Pain and stress levels after SAH were significantly improved by administration of buprenorphine, but not after treatment with meloxicam or carprofen. This finding is in line with results of a recent study that attempted to reduce pain using e.g. meloxicam after laparotomy in mice [22]. Meloxicam in dosages of 1 mg/kg, 5 mg/kg, or 20 mg/kg did not improve pain levels assessed with body weight, automated behavior analyses, and Mouse Grimace Scale evaluating changes in eyes, ears, nose, cheeks, and whiskers. In the present study, meloxicam was administered in a dosage of 1 mg/kg before surgery. Although this dosage was selected based on the recommendations of the German association for laboratory animals (GV-Solas), the dosage may have been too low for a significant pain reduction. Similarly, carprofen could have been effective in higher dosages to limit pain and stress after SAH. Unfortunately, the study was designed to test established protocols and not to determine the most effective drug dose. Based on the present data, we therefore cannot predict a potential dose-dependent increase in analgesic action.

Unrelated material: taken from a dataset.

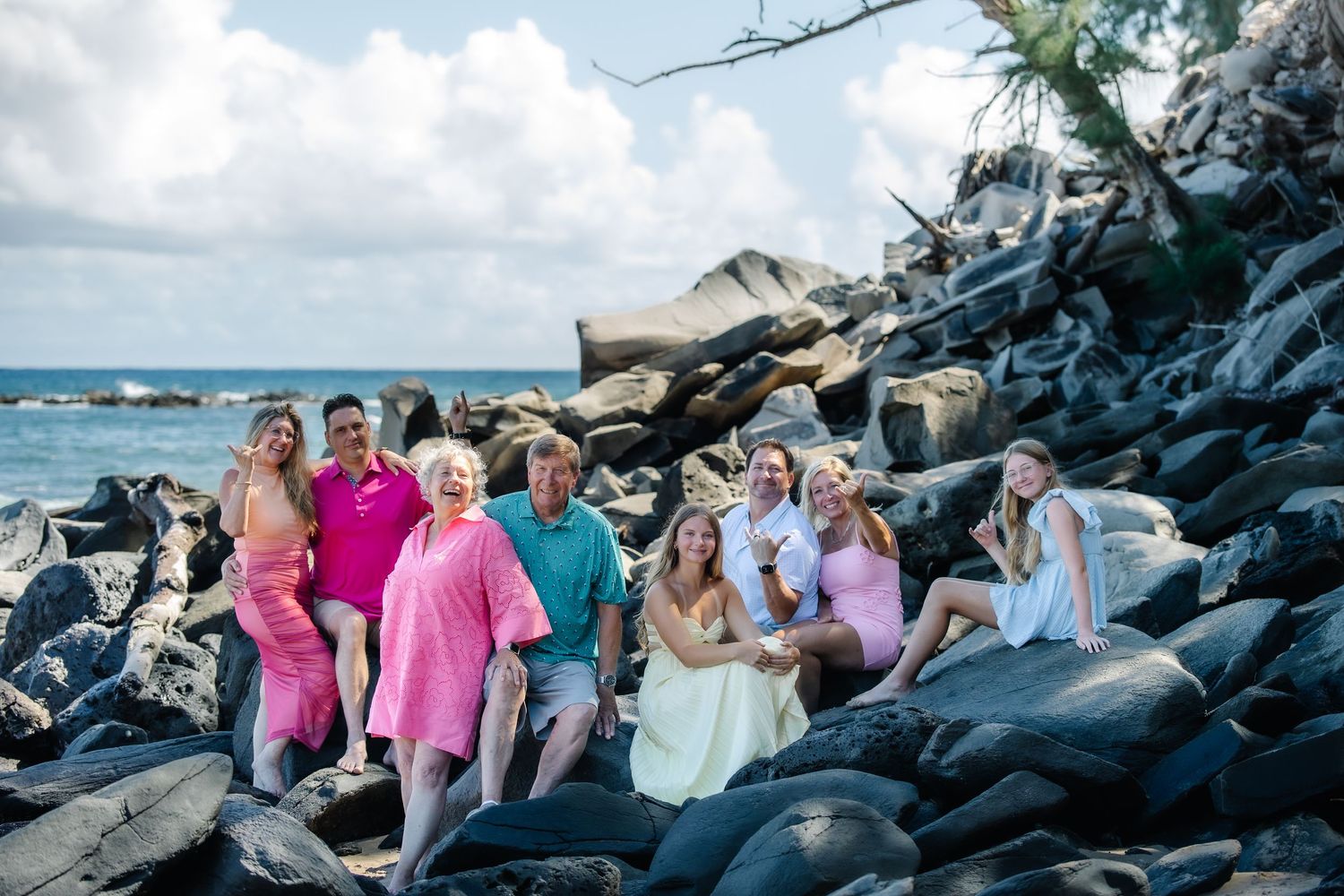 Family group photo on rocky Hawaiian beach with ocean backdrop, wearing colorful pink and teal outfits.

In contrast to SAH, all three analgesic treatments failed to influence pain/stress levels after traumatic brain injury. CCI-sham operated animals showed only a small increase in visual assessment score levels, and CCI animals showed similar pain/stress scores compared to SAH-sham animals. Taken together, the data suggest that the skull preparation alone does not cause relevant pain, whereas CCI induction increase pain/stress to a similar intensity as in SAH-sham animals. Due to lack of different tested dosages we cannot rule out that higher dosages might have a beneficial impact on pain/stress levels after brain trauma. The present data suggest that CCI animals do not benefit from a pain therapy.

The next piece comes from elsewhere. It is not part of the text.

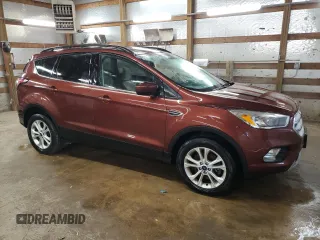 2018 Ford Escape SE z VIN 1FMCU9GD2JUA21582, wystawiony jako Copart lot #56165155 z przebiegiem 88 881 mil mil oraz Czysty tytuł • Clean title. Historia ofert i sprzedaży dostępna na DreamBid. Obrazek 4.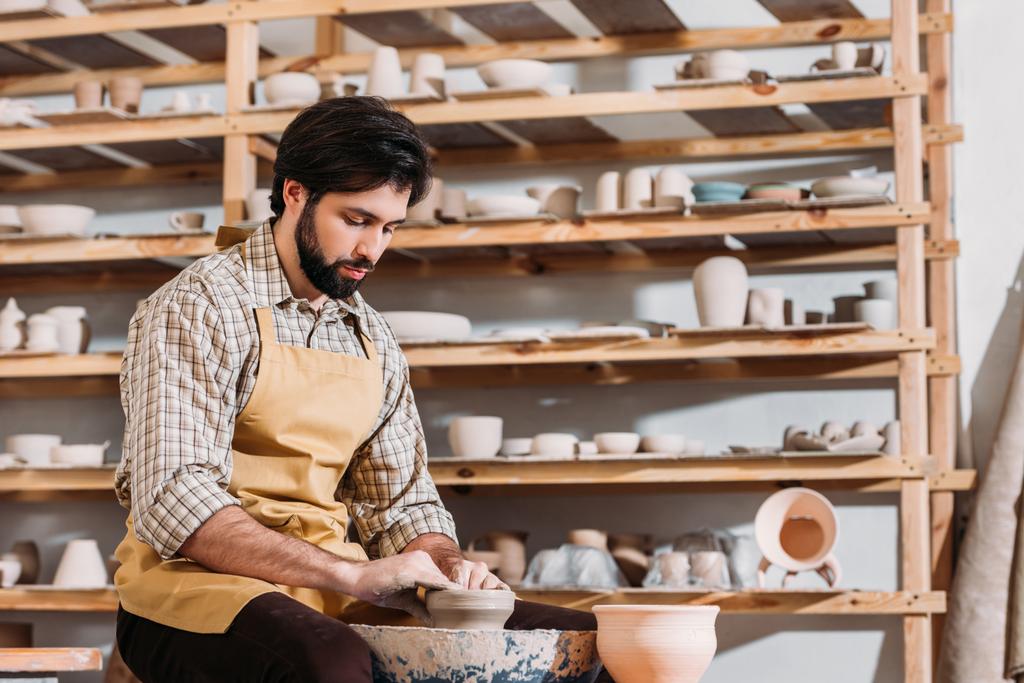 bebaarde man maken van keramische pot op aardewerk wiel in de pottenbakkerij - Foto, afbeelding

Although pain and stress levels after SAH were improved by buprenorphine, food intake did not increase to sham levels. A possible explanation is that buprenorphine, like other opioids, impairs the gastrointestinal system—the most common symptom being nausea [25]. Another possible explanation is the route of application of the analgesics. Subcutaneous injections were performed every 12 h. Frequent injections are known to cause loss in body weight even in the absence of a surgery due to stress response [26]. However, the awake animals were injected only once. We therefore think that stress due to the injection plays only a subordinate role in this study. To reduce stress in future studies, a possible alternative is the use of sustained release formulations of buprenorphine and carprofen [27, 28], which may provide superior treatment paradigms with fewer injections. A further alternative route of drug administration is the oral self-administration of buprenorphine in jelly [29]; however, this may not be suitable for mice after SAH, which show an almost cessation of food intake.

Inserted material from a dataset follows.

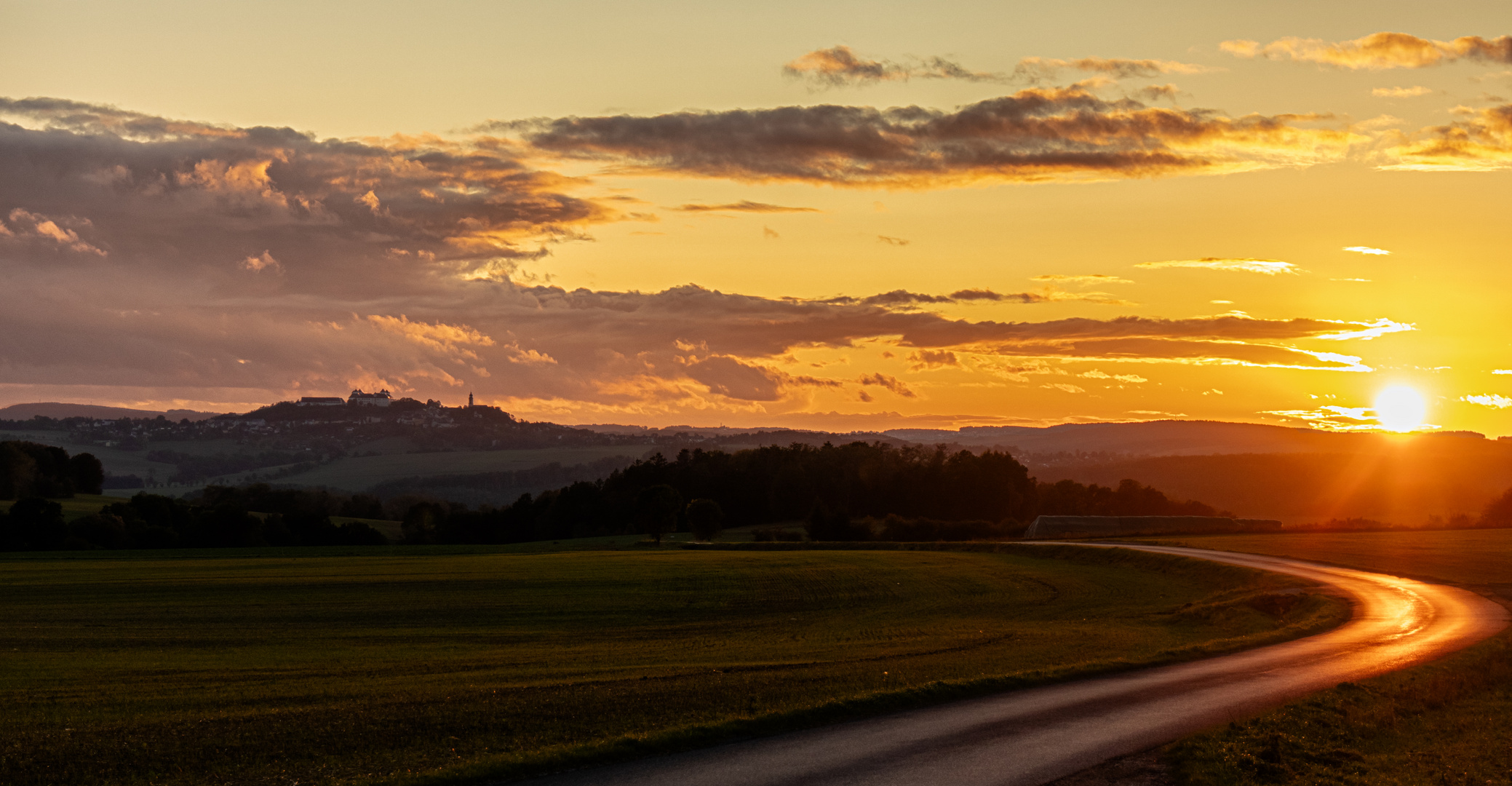 Die Augustusburg im herbstlichen Abendlicht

An important limitation of our investigation is that we only focused on the early symptoms within the first 24 h after cerebral injury. We therefore cannot give information on the optimal duration of analgesic therapy. The present study determined surrogate parameters of pain and stress, not direct measures such as blood cortisol or catecholamine levels. Future studies are therefore required to investigate optimal drug dosages, treatment duration and the influence of pain treatment on blood catecholamine and cortisol levels.

Conclusions

We demonstrate that experimental SAH produces higher pain surrogate levels than SAH sham-surgery and CCI, which is significantly improved by buprenorphine treatment. The present data therefore suggest that SAH mice benefit strongly from pain treatment. In contrast to SAH, analgesic treatment did not improve stress and pain levels in animals subjected to experimental TBI.

These observations may seem trivial; however, the results of the present investigation are the first description of post-interventional pain/stress levels in the widely used filament SAH model and after controlled cortical impact injury. The data may provide useful information to estimate the postoperative pain levels and the requirement for analgesic treatment in these experimental models.